Selon le site internet du quotidien Hürriyet, le père de la victime, Sami Elvan, a appelé les ravisseurs à relâcher leur otage lors d'une conversation téléphonique avec un député de l'opposition, Huseyin Aygun.

«Mon fils est mort mais je ne veux pas que quelqu'un d'autre meurt», a déclaré M. Elvan cité par le député, «le procureur doit être libéré, le sang ne peut pas effacer le sang».

Aucun policier n'a pour l'heure été formellement mis en cause dans l'enquête ouverte récemment par le procureur Kiraz.

En mars 2014, l'annonce de décès de Berkin Elvan, âgé de 15 ans à peine, avait fait spontanément descendre dans les rues de Turquie des centaines de milliers de personnes. De nombreux manifestants ont encore commémoré sa disparition le 11 mars dernier dans tout le pays.

Le cas de Berkin Elvan est devenu un symbole de la violente répression exercée par le pouvoir en 2013 et celui de la dérive autoritaire que lui reprochent ses détracteurs. M. Erdogan l'avait publiquement qualifié de «terroriste».
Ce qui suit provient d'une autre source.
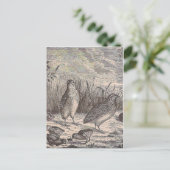 Carte Postale Queue (Debout devant)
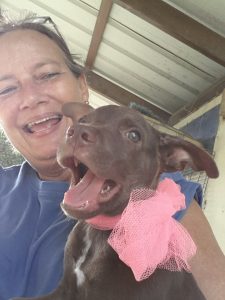 13618051_10208499649423638_988326373_n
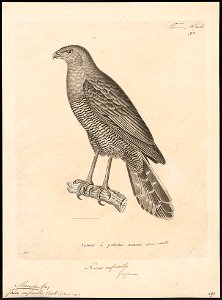 Micrastur ruficollis - 1700-1880 - Print - Iconographia Zoologica - Special Collections University of Amsterdam - UBA01 IZ18300061. Free illustration for personal and commercial use.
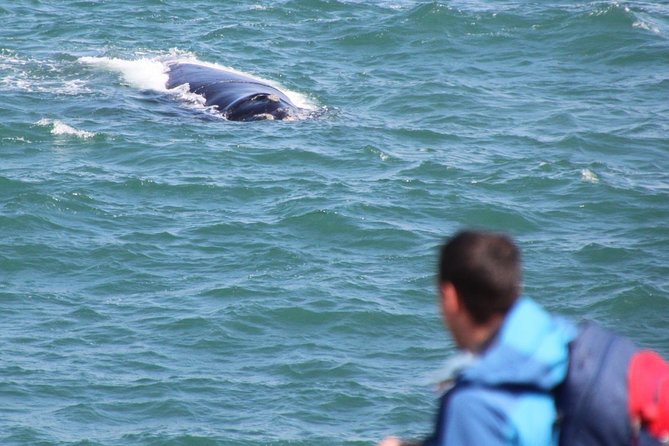 Whale Watching Walking Tours (Land-Based) - from JUNE 2025 - Marine-life learning that actually improves your spotting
Au moins huit personnes ont été tuées, plus de 8 000 blessées et des milliers d'autres arrêtées, selon les bilans des ONG de défense des droits de l'Homme.

Le 1er janvier dernier, le DHKP-C avait revendiqué un attentat manqué contre des policiers en faction devant la palais impérial de Dolmabahçe, à Istanbul, en indiquant avoir agi pour venger la mort de Berkin Elvan.

Selon certains médias, l'irruption du commando du DHKP-C dans le palais de justice d'Istanbul pourrait avoir été facilité par la panne d'électricité géante qui a frappé la Turquie mardi en profitant d'une panne des détecteurs de métaux situés à l'entrée.